Viene da Nazaret di Galilea: là era cresciuto e per molti anni aveva vissuto. La sua famiglia è conosciuta: è il figlio di Maria e del falegname. Viene da là, ma il tempo di essere rivelato al mondo si sta compiendo. Il suo è un arrivo improvviso, non annunciato. Nessuno lo accompagna, nessuno lo introduce; non parla, non fa discorsi. Come gli altri viene “battezzato nel Giordano da Giovanni”. Uno dei tanti, uno tra i tanti, eppure è “il più forte”, colui che avrebbe battezzato nello Spirito. La scena è talmente scarna da non lasciar immaginare nulla. Ed è giusto che sia così: Gesù è Dio ed è uomo tra gli uomini, povero tra i poveri, totalmente solidale con l’umanità.

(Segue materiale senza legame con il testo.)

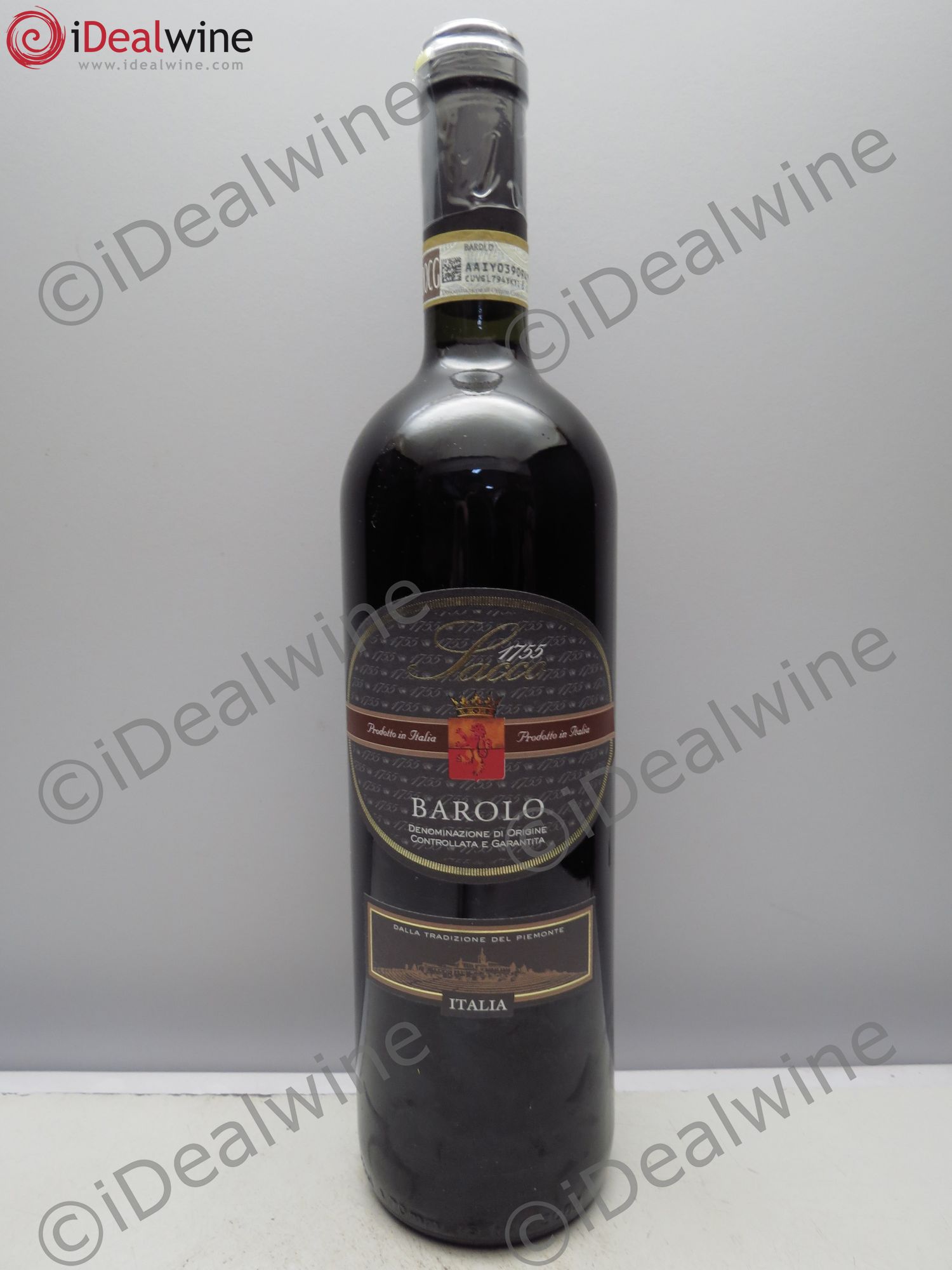 Barolo Sacco 1755 2009 - Lot de 1 bouteille - 0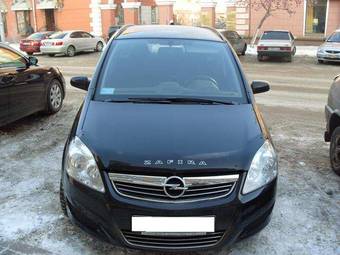 2008 Opel Zafira Photos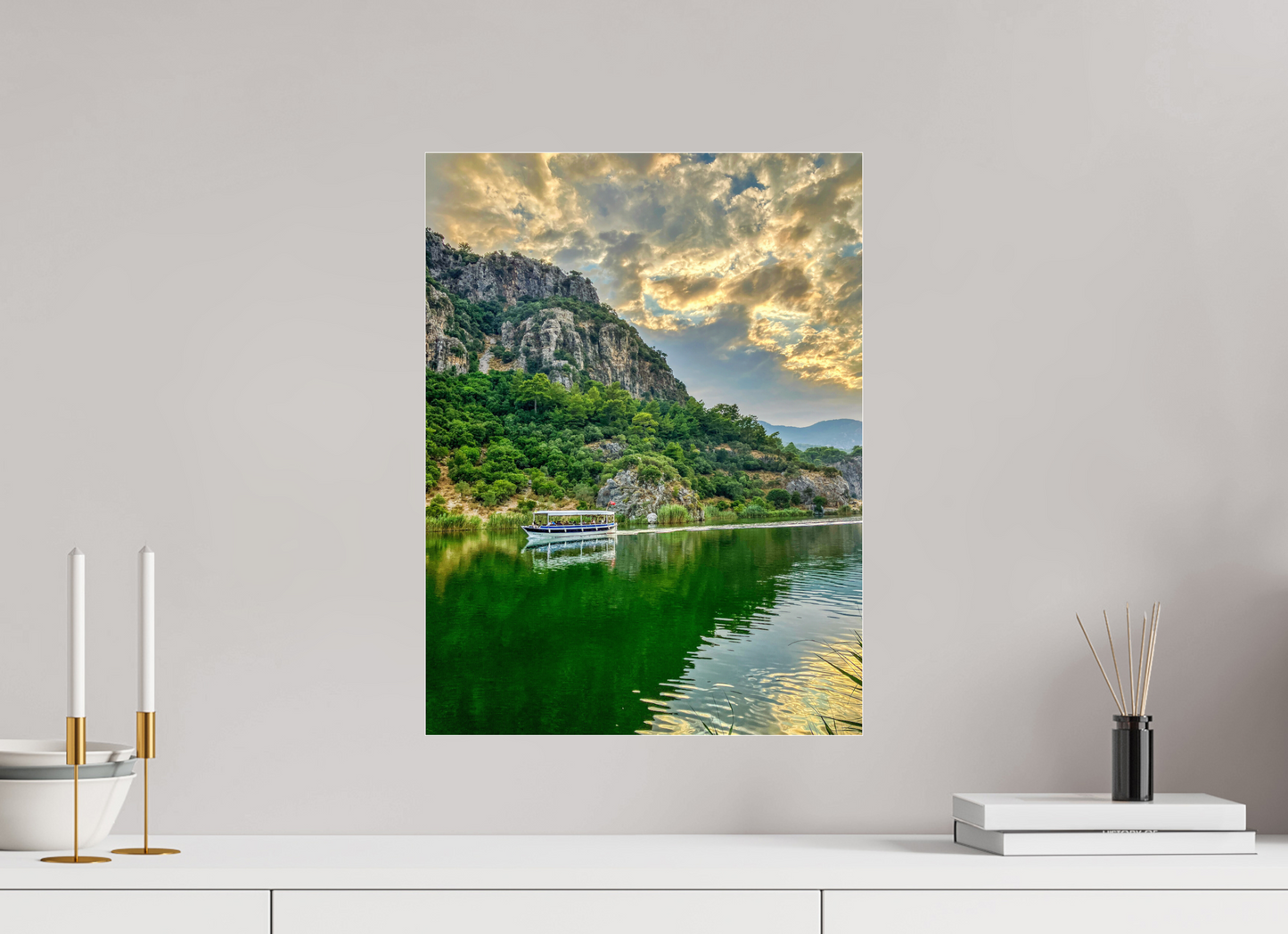 Dalyan Channel - photo print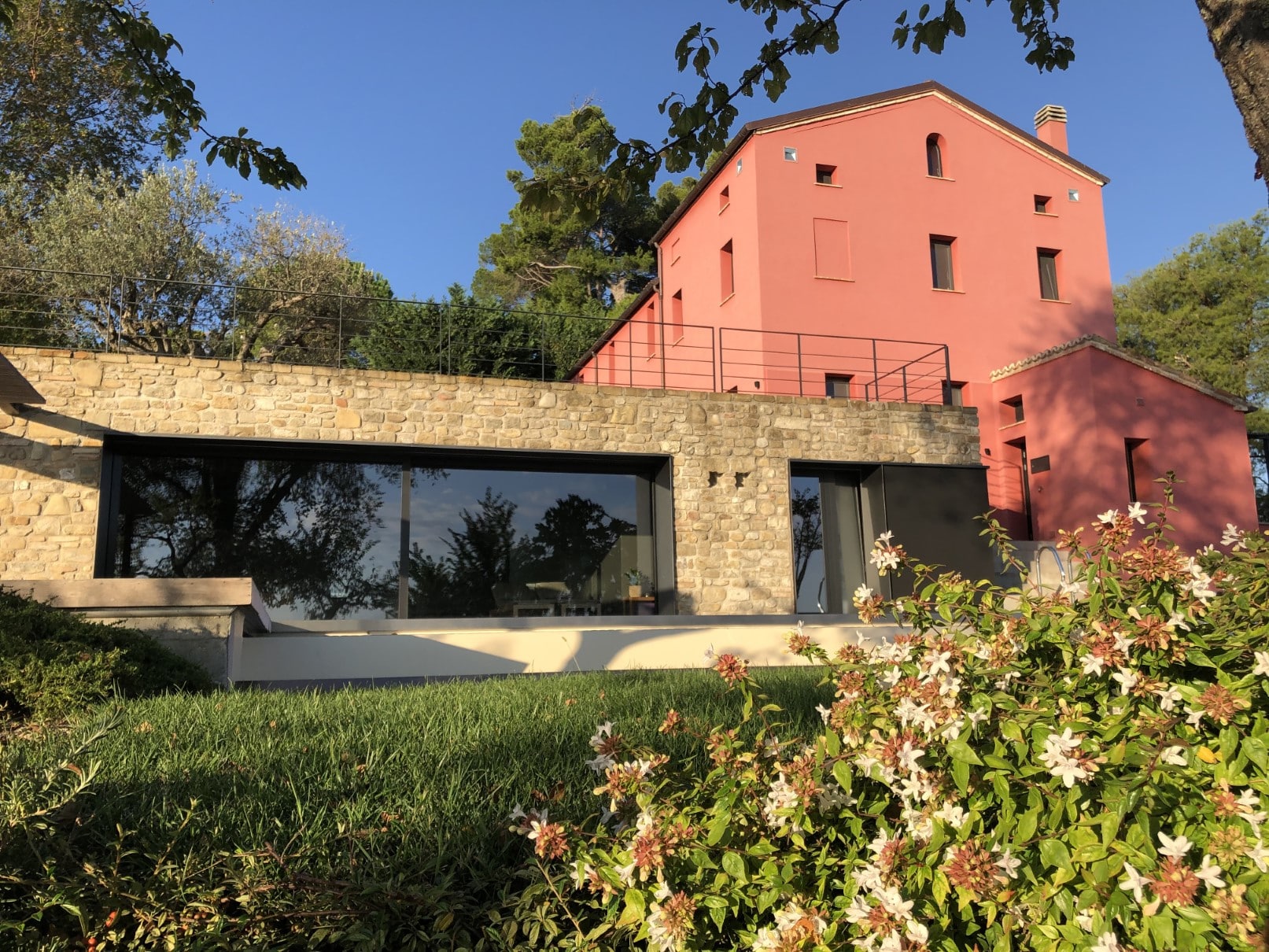 Bed and Breakfast in den Marken - Casa Rossa 4A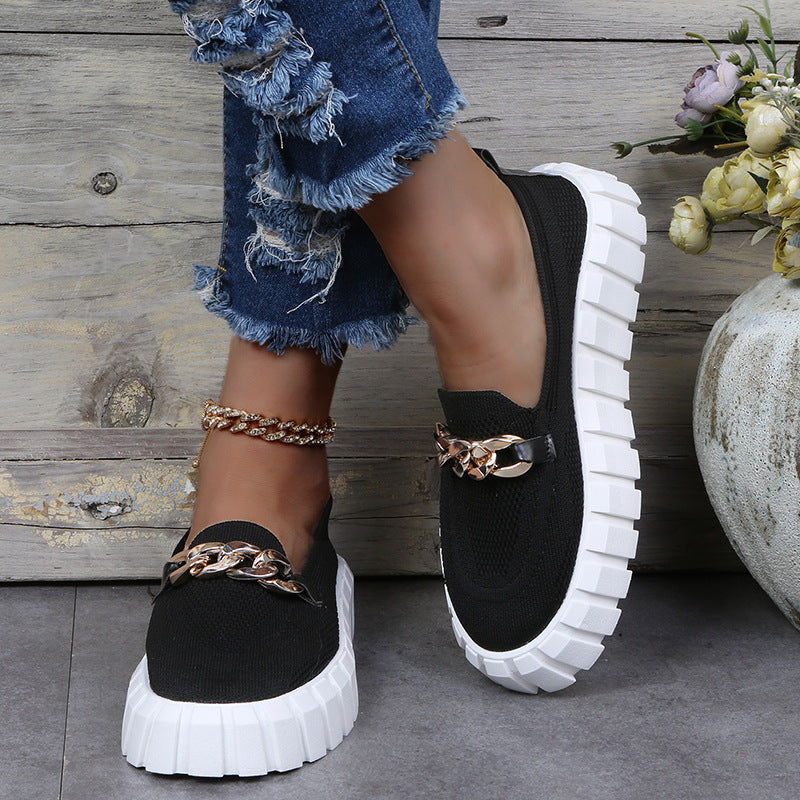 AVIANA – Trendy Dames Sneaker voor de Zomer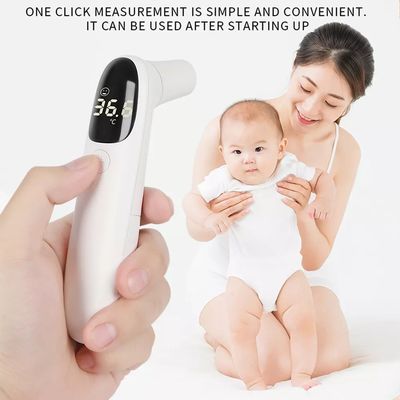 Termometer Suhu Digital Dahi Telinga Non Kontak Termometer Medis Inframerah
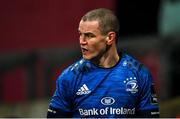 23 January 2021; Jonathan Sexton of Leinster during the Guinness PRO14 match between Munster and Leinster at Thomond Park in Limerick. Photo by Ramsey Cardy/Sportsfile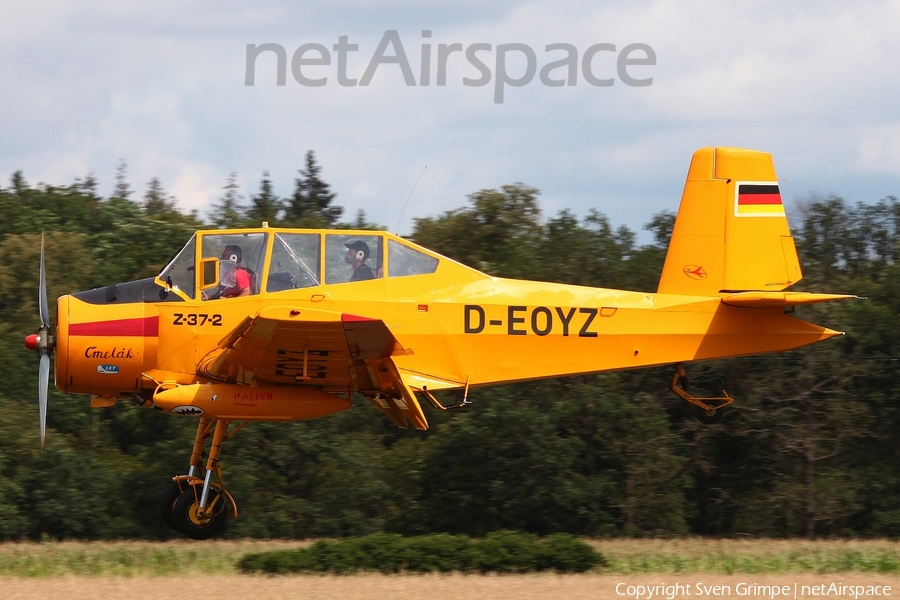 (Private) Zlin Z-37A-2 Cmelak (D-EOYZ) | Photo 469022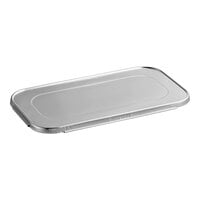 Western Plastics Third Size Foil Steam Table Pan Lid - 100/Case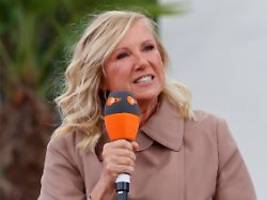 Moderatorin lebt in Tel Aviv: Kiwi könnte bei ihrem eigenen Fernsehgarten-Jubiläum fehlen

Egli non ha bisogno né di perdono, né di conversione, ma è nella debolezza che vuole mostrarsi. Ci colpisce che il momento stesso in cui Gesù entra nel racconto, vi prenda parte da umile, si confonda coi peccatori e lo faccia veramente, intendo dire con la volontà di assumere il nostro cuore per cambiarlo dal di dentro e salvarci. È la scelta costante di Gesù che lo porterà a privilegiare tutto ciò che è ultimo e tutti coloro che sono ultimi ed umili per farne luogo della manifestazione dell’amore potente di Dio. La Croce ne sarà la prova più esaustiva. In fondo la storia del battesimo di Gesù parla la stessa lingua della passione e della morte di Gesù che fa propria la nostra povertà ed il nostro peccato per redimerci con la debolezza più radicale del sacrificio della vita.
La scelta di Gesù di Nazaret potrà sembrare strana quanto basta, eppure è vincente! Nel momento stesso in cui egli esce dall’acqua dopo essere stato battezzato, è Dio stesso che si rende infatti presente per attestarne il valore: lo squarcio nei cieli è nel linguaggio biblico chiara indicazione simbolica della rottura di ogni forma di separazione tra noi ed il Signore dell’universo. Nella persona di Cristo, nella sua scelta per la debolezza, Dio ci incontra e ci riapre la strada verso il Cielo.
Lo Spirito scende su Gesù, rimane con lui ed attesta chi egli è. Infine una voce dal cielo: azioni e parole ora tacciono perché si ascolti la Parola in cui il Padre rivela che Gesù è suo Figlio, l’amato di cui il egli suffraga il cammino e di cui compiace. Stupisce, ma proprio nella debolezza il Padre sceglie di incontrare il Figlio e di manifestarlo. Non è una casualità che a metà del Vangelo di Marco, dopo che Gesù ha annunciato la sua passione, si faccia presente per la seconda volta il Padre per riconfermare che Gesù è suo Figlio e che le sue parole sulla debolezza sono da ascoltare e da imitare perché sono via di salvezza.